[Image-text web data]
::::

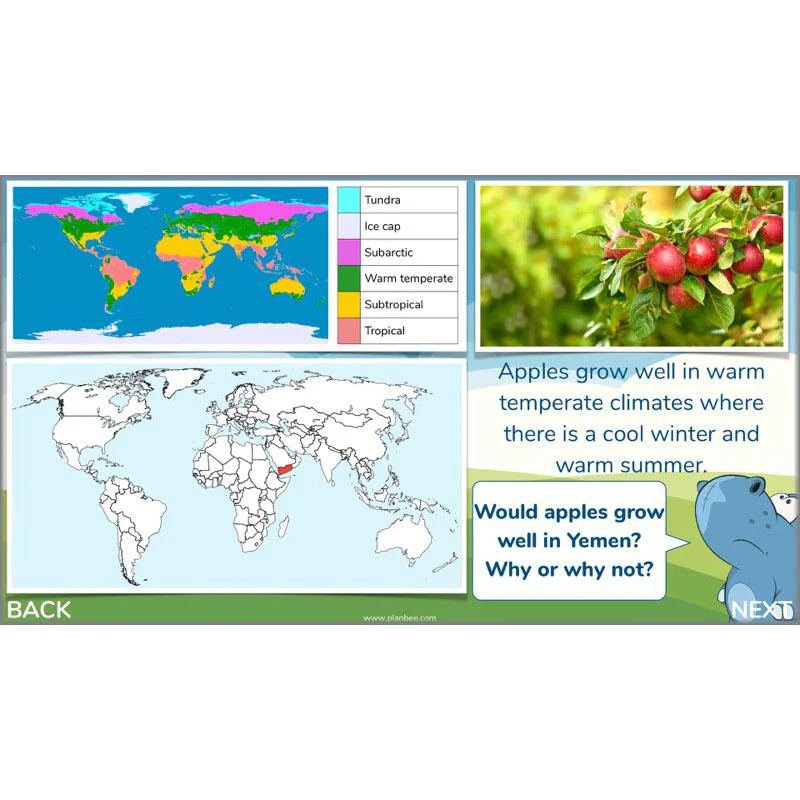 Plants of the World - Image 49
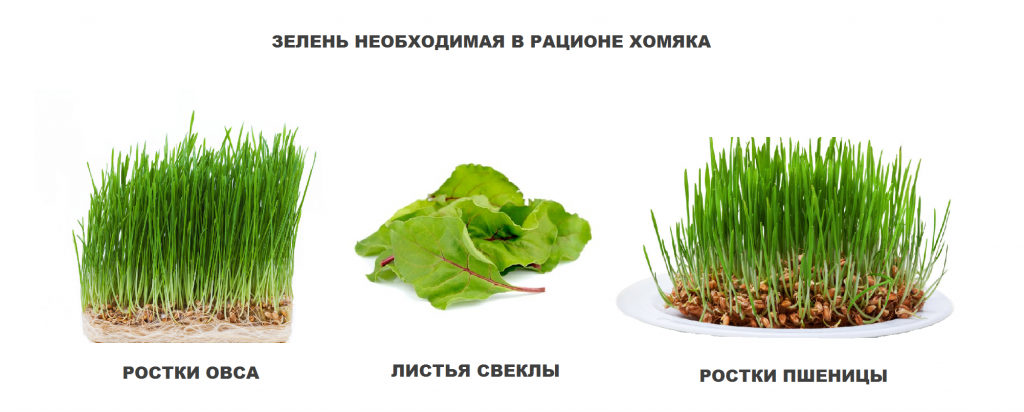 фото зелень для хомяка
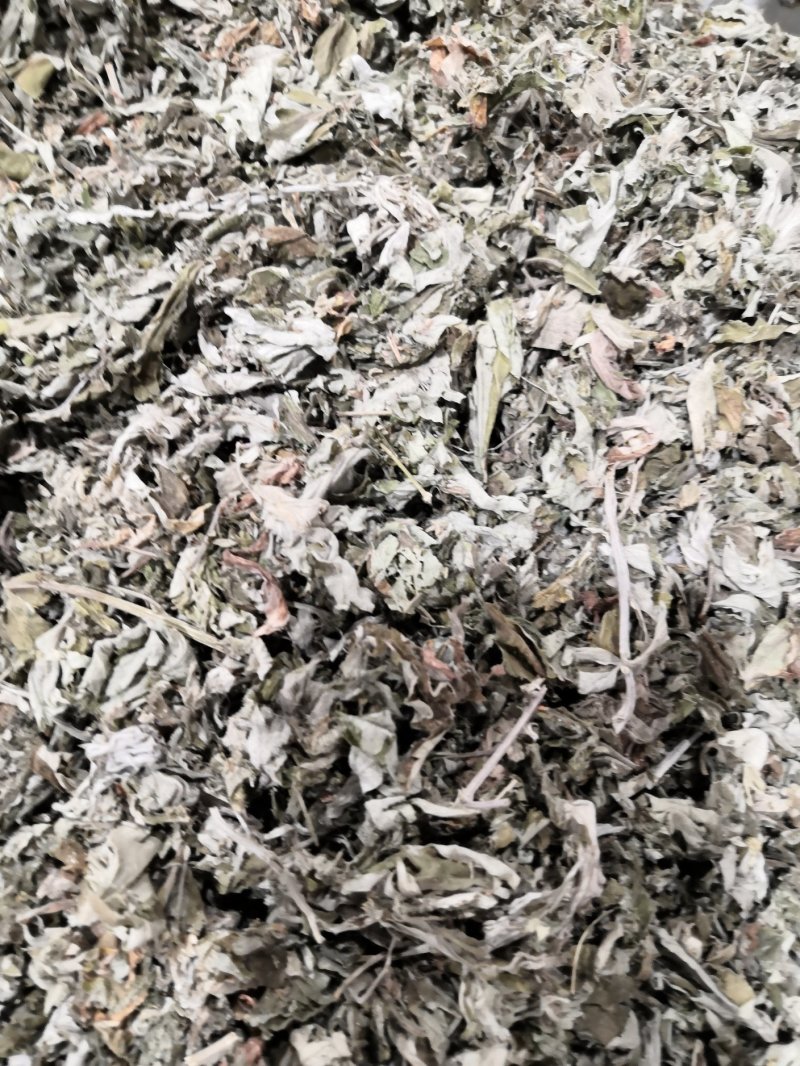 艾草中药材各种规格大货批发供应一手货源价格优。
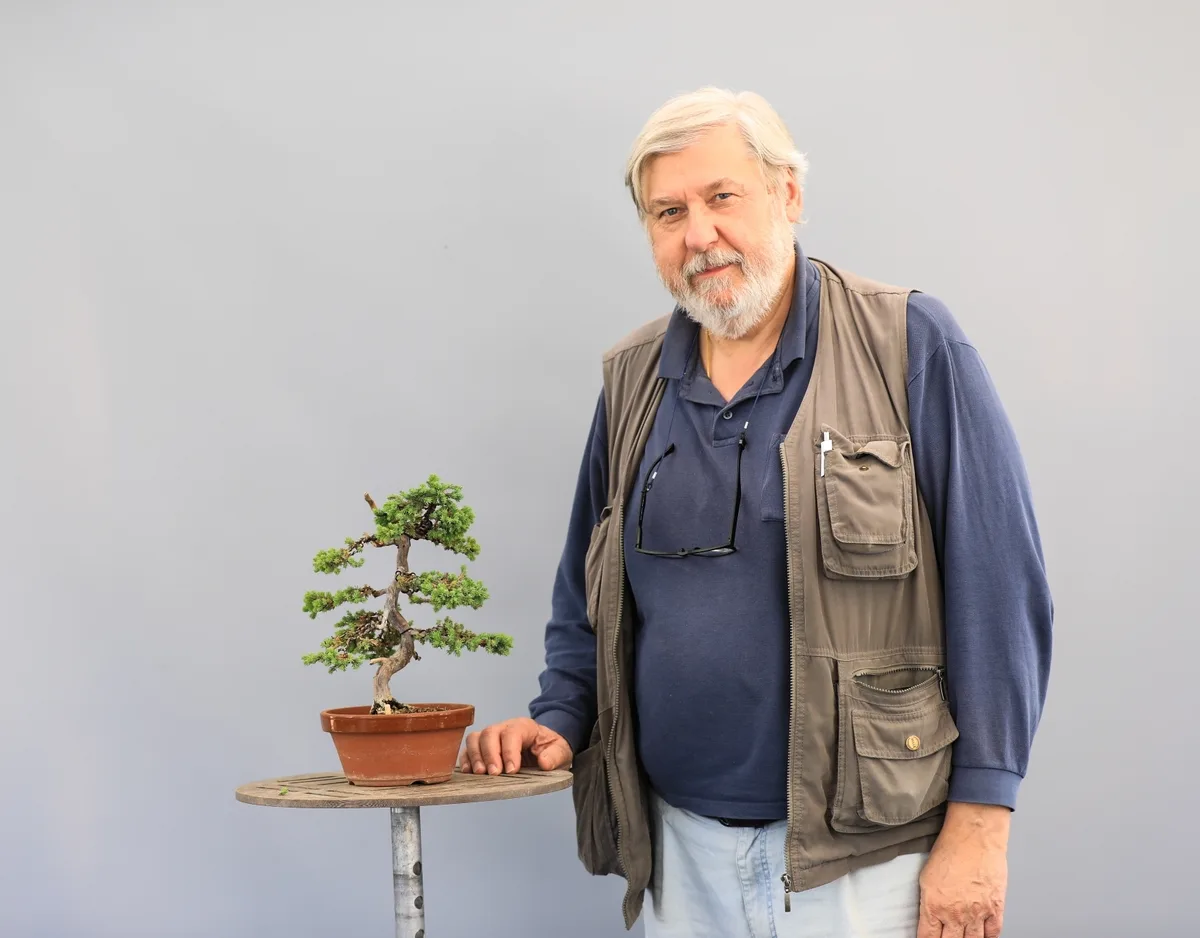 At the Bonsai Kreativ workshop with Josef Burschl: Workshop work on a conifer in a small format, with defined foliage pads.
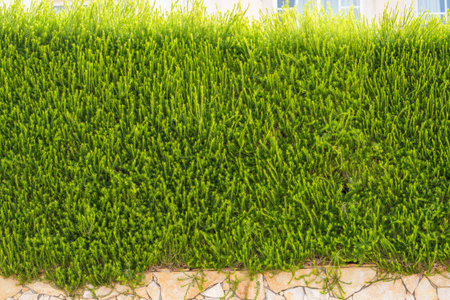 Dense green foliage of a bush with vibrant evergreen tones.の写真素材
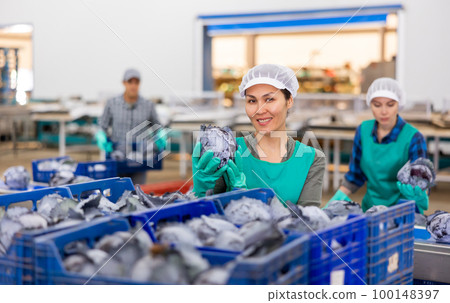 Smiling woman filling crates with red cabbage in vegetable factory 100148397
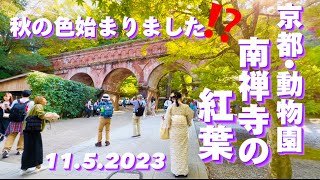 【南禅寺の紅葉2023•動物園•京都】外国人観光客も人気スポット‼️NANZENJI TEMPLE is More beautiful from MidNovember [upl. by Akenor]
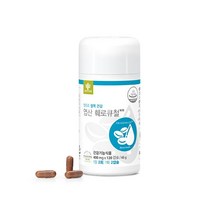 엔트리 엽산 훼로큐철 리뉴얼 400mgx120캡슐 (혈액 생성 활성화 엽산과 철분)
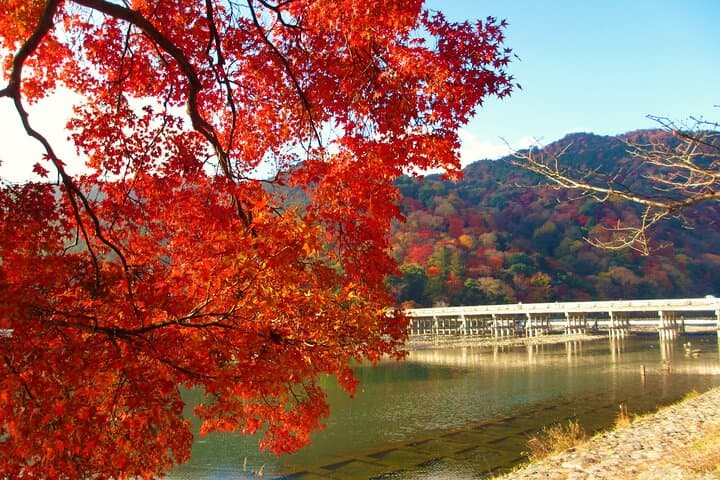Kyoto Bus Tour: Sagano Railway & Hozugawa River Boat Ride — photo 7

::::

Output nothing except the lines from the one containing "艾草中药材各种规格大货批发供应一手货源价格优。" through the final line of the entries, repeated exactly and free of pictures.

_RESULT FOR THIS TASK_
 艾草中药材各种规格大货批发供应一手货源价格优。
 At the Bonsai Kreativ workshop with Josef Burschl: Workshop work on a conifer in a small format, with defined foliage pads.
 Dense green foliage of a bush with vibrant evergreen tones.の写真素材
 Smiling woman filling crates with red cabbage in vegetable factory 100148397
 【南禅寺の紅葉2023•動物園•京都】外国人観光客も人気スポット‼️NANZENJI TEMPLE is More beautiful from MidNovember [upl. by Akenor]
 엔트리 엽산 훼로큐철 리뉴얼 400mgx120캡슐 (혈액 생성 활성화 엽산과 철분)
Kyoto Bus Tour: Sagano Railway & Hozugawa River Boat Ride — photo 7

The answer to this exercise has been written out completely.